Change the base of a logarithm
Logarithms are pretty natural when it comes to powers of two, powers of three and other common powers. If we have [math]\displaystyle{ 2^x = 5 }[/math] we know that [math]\displaystyle{ 2^2 = 4 }[/math] and that [math]\displaystyle{ 2^3 = 8 }[/math]. For [math]\displaystyle{ 2 \lt x \lt 3 }[/math] there must be some number such that raising 2 to that number yields exactly 5. The interesting property here is that we can also write [math]\displaystyle{ 3^y = 5 }[/math], which means that the number 5 can be written as many different logs with different bases each. If [math]\displaystyle{ 2^x = 5 = 3^y }[/math] the natural question is whether we can rewrite a log from one base to another.

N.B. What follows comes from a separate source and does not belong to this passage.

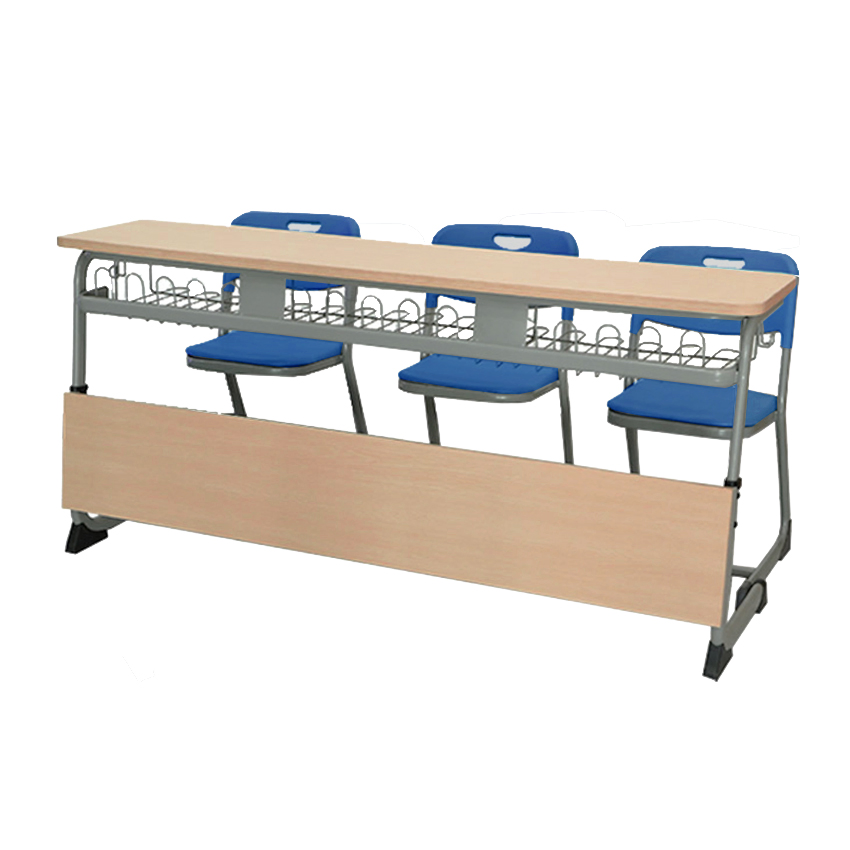 Primary School Three Seats Classroom Desk and Chair Set Height Adjustable Wooden School Furniture Student Desk and Chair Sets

Yes, there is a formula for this.
Let's start with an arbitrary log:
[math]\displaystyle{ \log_a{b} = x }[/math]
Before going on, both the log and the exp, written with an equality sign, represent equations. The right and left sides are equal to each other, which means that we can do the same operation on both sides while keeping the equality true. Therefore:
[math]\displaystyle{ a^x = b }[/math]
[math]\displaystyle{ \log_c{a^x} = \log_c{b} }[/math]
[math]\displaystyle{ x \cdot \log_c{a} = \log_c{b} }[/math]
[math]\displaystyle{ x = \frac{\log_c{b}}{\log_c{a}} }[/math] (we can divide by a log because any log is always different than zero)
With this we have proven the formula to rewrite the log from one base into another base.
One may ask about how exactly a calculator calculates a log. This isn't something that we learn at school because it requires knowledge of limits and other concepts that are higher level mathematics. It's the same issue with trigonometry. For angles such as 30° and 90° everyone learns them, but calculations involving 20° or [math]\displaystyle{ 2^x = 5 }[/math] we need concepts that are seen in calculus and beyond. That's why exercises provide approximations for those cases if we need them to solve it.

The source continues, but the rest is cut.